WORK REQUIRED —
Your answer should be one number, the count of lines in the listing below containing the word "will".

GIVEN RECORDS —

***

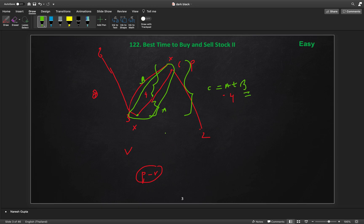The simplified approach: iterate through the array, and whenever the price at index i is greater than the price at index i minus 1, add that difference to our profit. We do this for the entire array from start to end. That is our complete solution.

***

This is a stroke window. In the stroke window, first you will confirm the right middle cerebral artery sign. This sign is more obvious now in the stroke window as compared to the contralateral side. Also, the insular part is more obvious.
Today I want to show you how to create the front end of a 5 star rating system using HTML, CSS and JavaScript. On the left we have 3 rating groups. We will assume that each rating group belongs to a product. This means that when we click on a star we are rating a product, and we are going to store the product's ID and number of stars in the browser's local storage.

***

YOUR SOLUTION —
2